Life in Africa can best be understood historically by understanding Africa from two dichotomous periods: the pre-Atlantic slave trade period, prior to the seventeenth century, and the post-Atlantic slave trade period, after the seventeenth century. The Atlantic slave trade is a useful marker for conceptualizing African life because it registers an important time in Africa that has all too often been neglected in popular narratives about the continent—the most important of which was that the regions and states within Africa all had longstanding and well-organized social systems that integrated with the lives of its citizens prior to European contact.

Their systems were in many ways differently organized than many western societies, but nonetheless, African social systems were alive and operating wonderfully long before white men landed upon their shores. This point needs to be strenuously emphasized because unfortunately many depictions of African peoples and their institutions have been, and to some extent still are, portrayed as being backward and inferior to the societies of the west and the east. Part of this difference can be explained by the Atlantic slave trade, and yet the Atlantic slave trade should by no means wholly encompass one's understanding of Africa and African peoples. On the contrary, the saliency of the Atlantic slave trade as a historical marker lies in the remarkable dexterity that it has for contextualizing the striking shifts in African life as a direct result of its influence. Therefore the notion of a pre- and post-slave trade Africa helps to illuminate the stability and strength of African societies prior to and after the trade, without over-determining its importance in African life. That said, in order to get at the uniqueness of African life, a grounding in the important social systems that influenced the lived experiences of African people prior to the disruption that occurred from the Atlantic slave trade helps us to conceptualize the beauty and complexity of African cultures. From this vantage point the wholeness of African life is given primacy over the slave trade, and thereby allowing for a more sophisticated critique of African life apart from this extremely complex social and political phenomenon.

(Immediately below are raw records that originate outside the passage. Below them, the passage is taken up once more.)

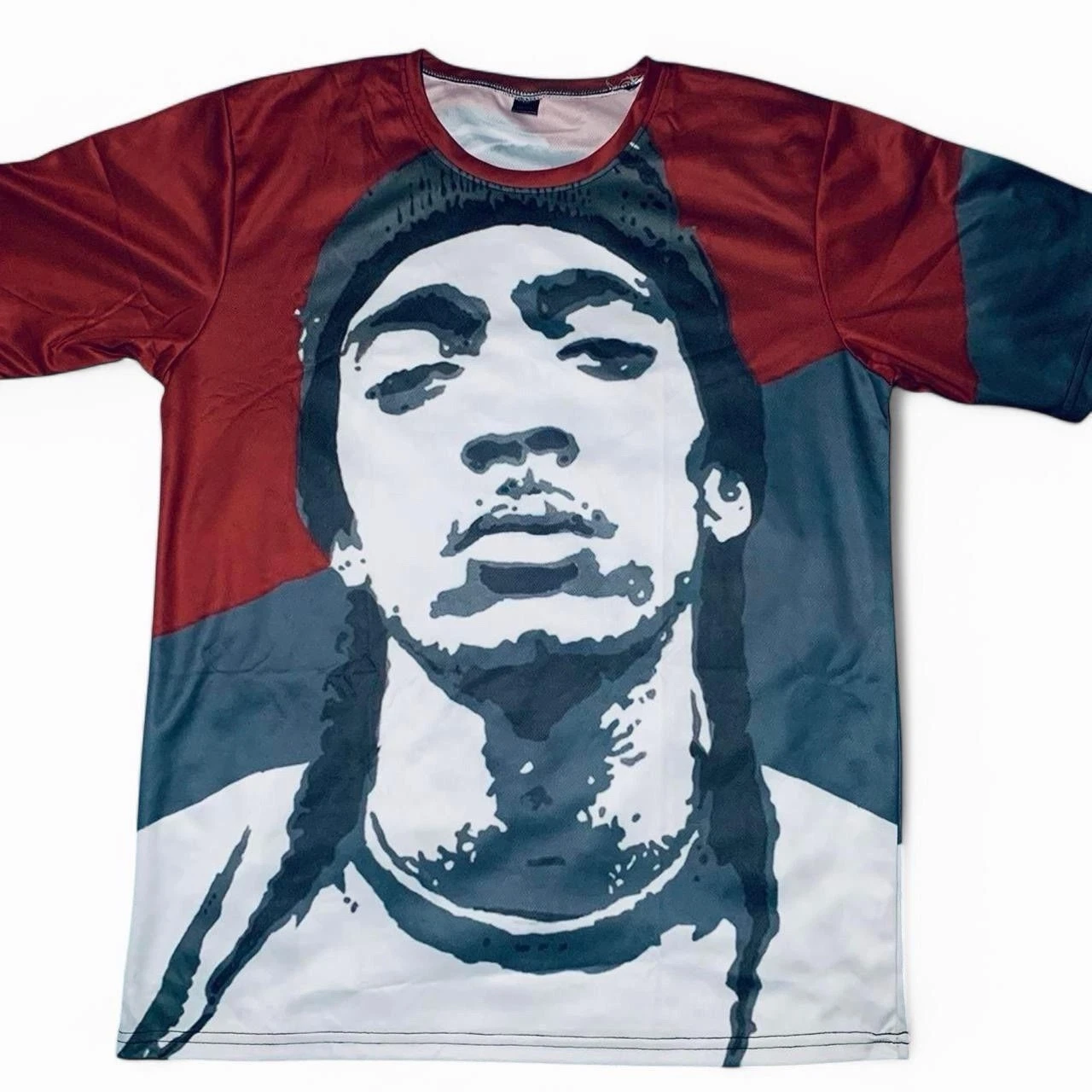 Nipsey Hussle The Marathon Clothing TMC Unisex-T Shirt XXL Black Rap Tee Hip Hop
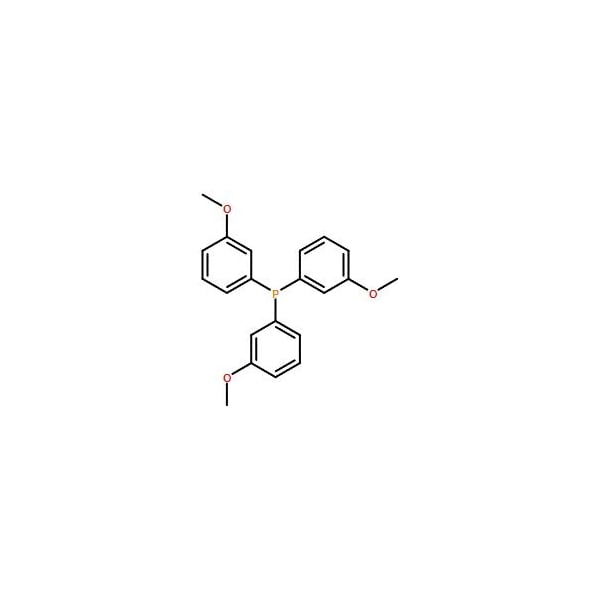 Ak Scientific Tris(3-methoxyphenyl)phosphine (100g), CAS 29949-84-6 3084AB-100g - main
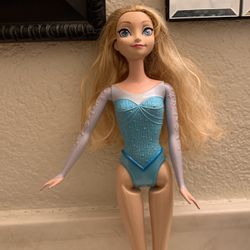 Frozen Doll 11.5”
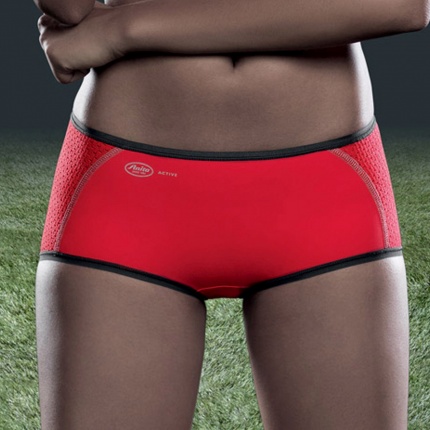 Shorty Sport ANITA Active Rouge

In the ancient and medieval era African states operated as autonomous regions from each other. In fact, before the middle of the fifteenth century the primary contact between African regions were along the coastal waterways along East Africa, across the Red Sea, and the Sahara Desert (Lovejoy 2000, p. 12). The trade of natural resources was primary impetus for contact between coastal and inland regions during this period and beyond. Valuable natural resources such as gold, copper, and salt, as well as plant items such as the kola nut, was what facilitated movement between inland and coastal states in Africa. It was around the growth and the trade of plants and minerals that regional development ensued and where the isolation that previously marked the inland and coastal regions began to dissipate.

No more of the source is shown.